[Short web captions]
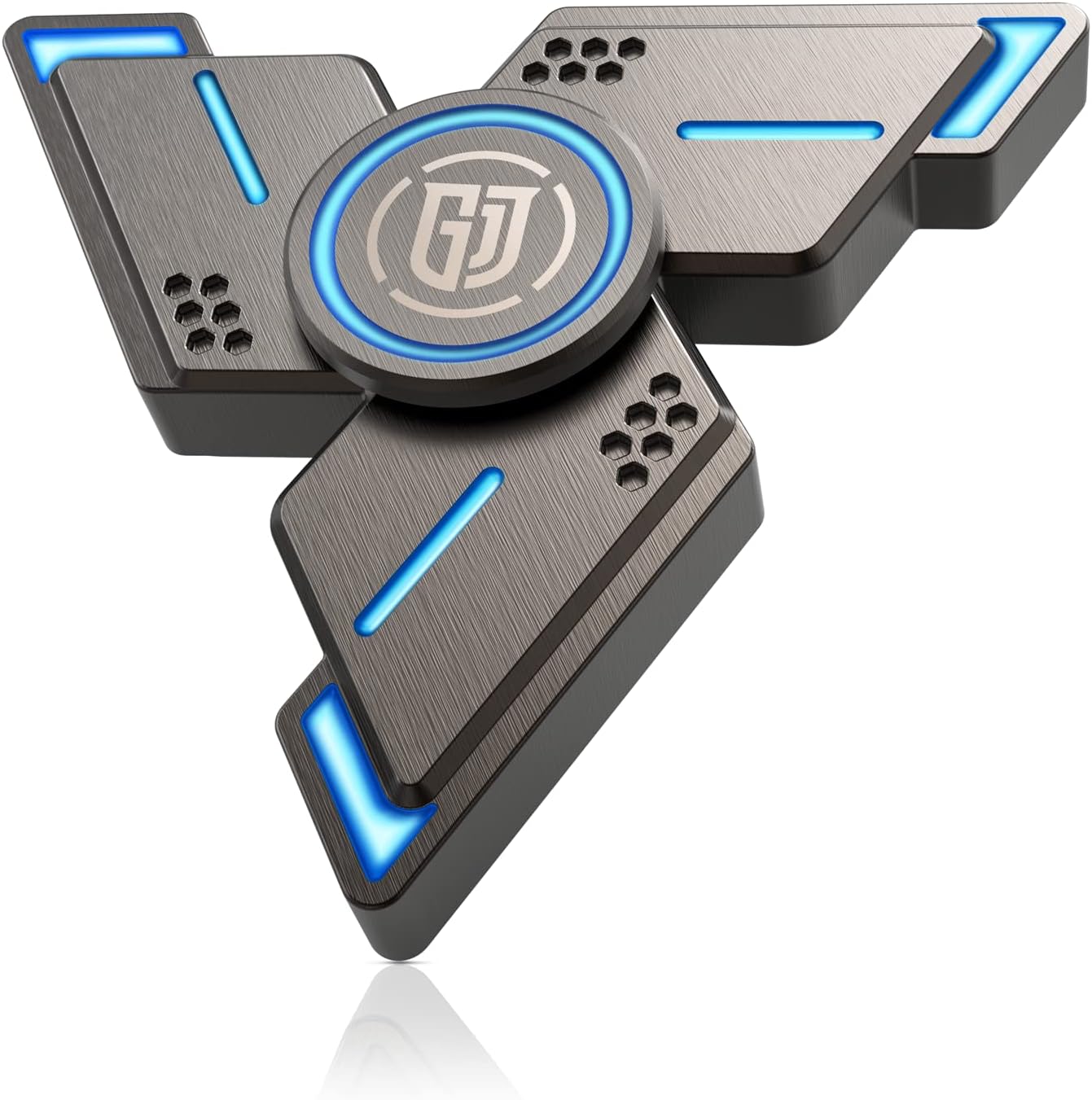 ATESSON Fidget Spinners Toy,3 to 5 min Spins,Gray Metal with Blue Luminous High Speed Bearing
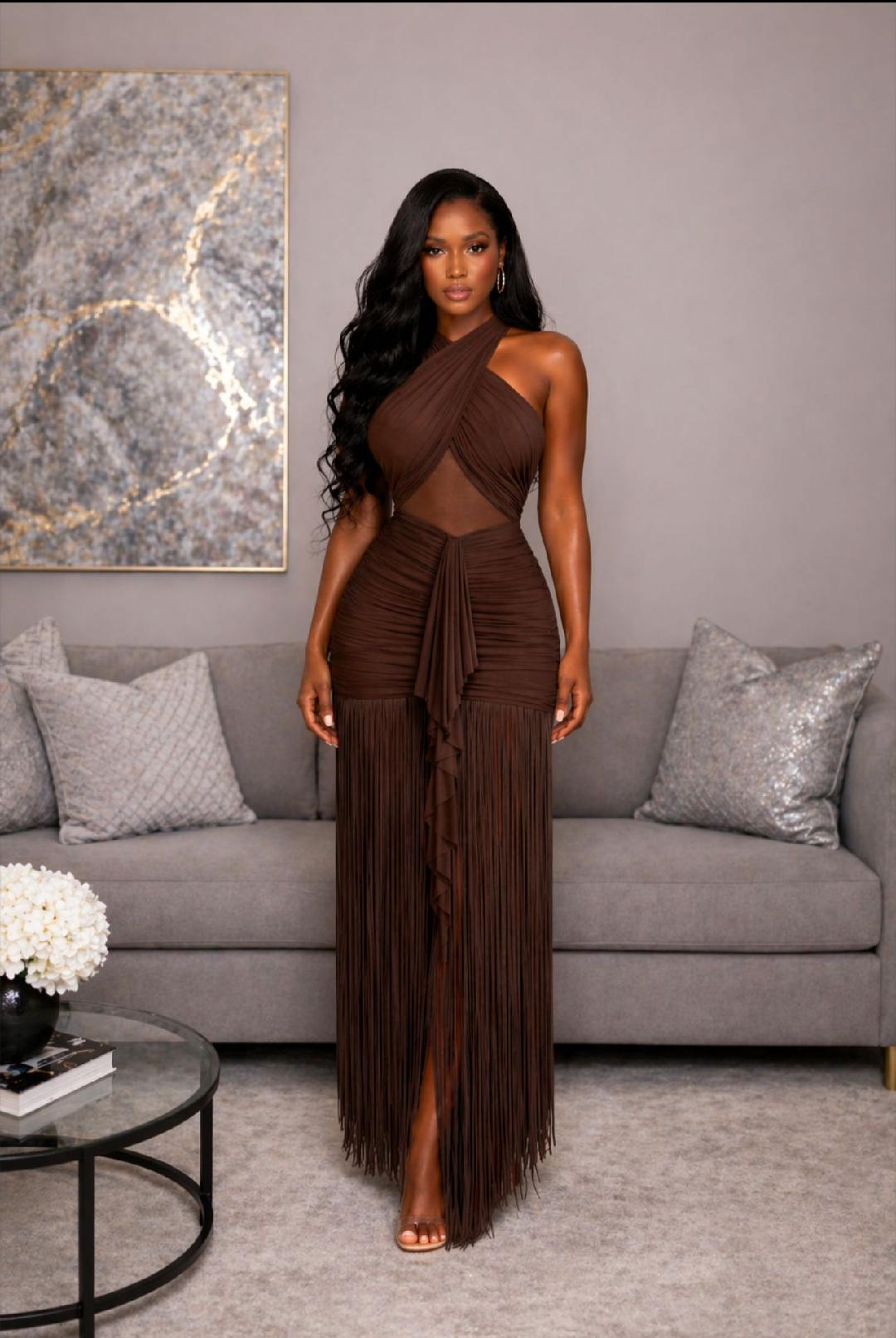 The Goddess Fringe Maxi Dress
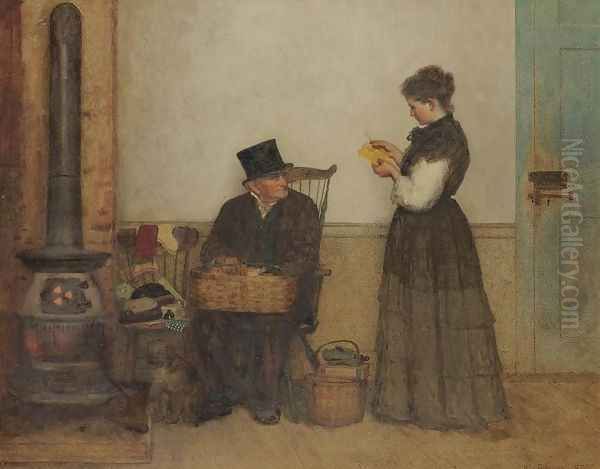 Peddler (Nantucket) Oil Painting by Eastman Johnson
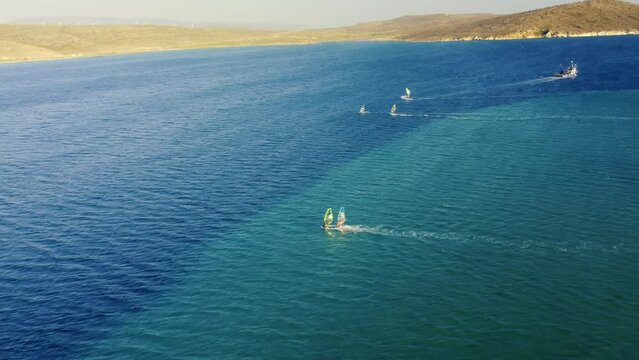Wind Surf in Turkey Alacati Surf Paradise. High quality 4k footage
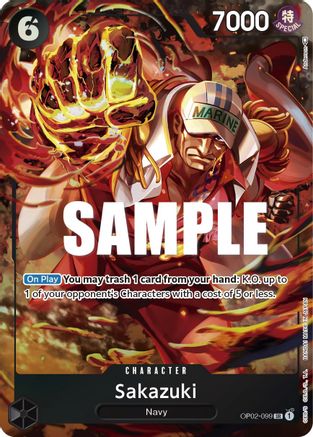 Sakazuki (Alternate Art) (OP02-099) [Paramount War] Foil - Deck Out Gaming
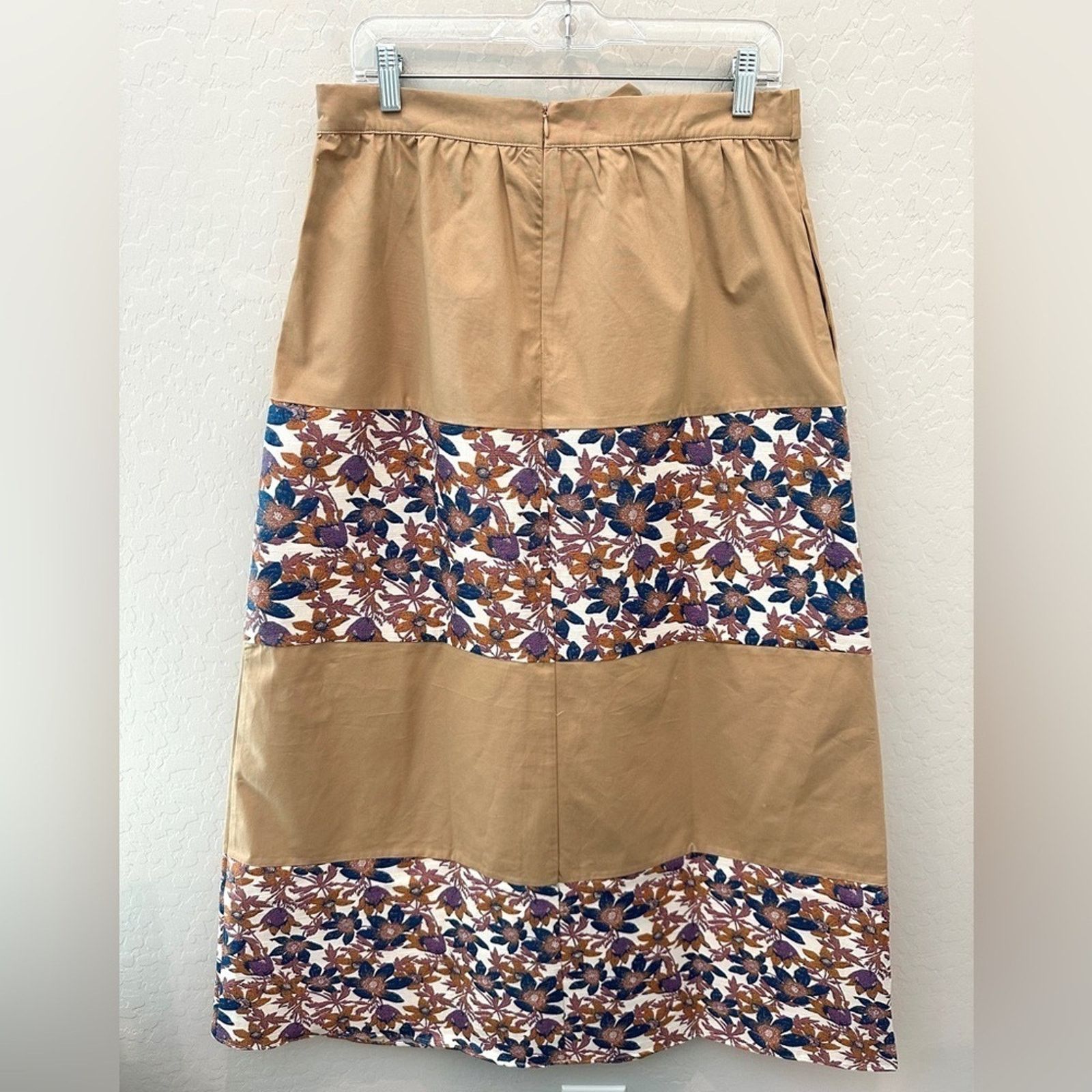 Anthropologie ANTHROPOLOGIE | Tan Floral Jacquard Tiered Maxi Skirt Size 34" / US 12 / IT 48 - 4 Thumbnail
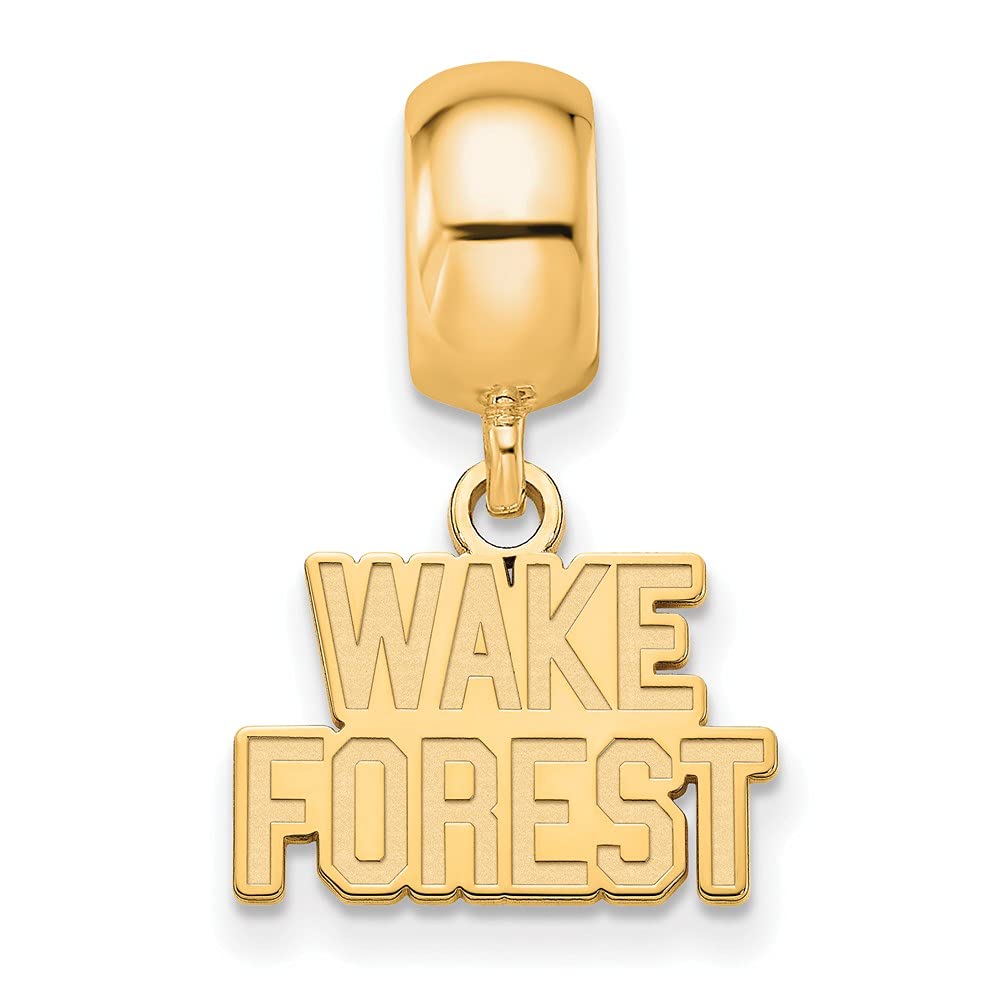 Wake Forest Bead Charm Extra Small (3/8 Inch) Dangle (Gold Plated)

-- PROBLEM DESCRIPTION --
Every line from the one that holds "The Goddess Fringe Maxi Dress" to the last line of the records above goes into the answer, exactly as written; nothing else does, and no picture does either.

-- SOLUTION TO THIS EXERCISE --
 The Goddess Fringe Maxi Dress
 Peddler (Nantucket) Oil Painting by Eastman Johnson
Wind Surf in Turkey Alacati Surf Paradise. High quality 4k footage
 Sakazuki (Alternate Art) (OP02-099) [Paramount War] Foil - Deck Out Gaming
 Anthropologie ANTHROPOLOGIE | Tan Floral Jacquard Tiered Maxi Skirt Size 34" / US 12 / IT 48 - 4 Thumbnail
 Wake Forest Bead Charm Extra Small (3/8 Inch) Dangle (Gold Plated)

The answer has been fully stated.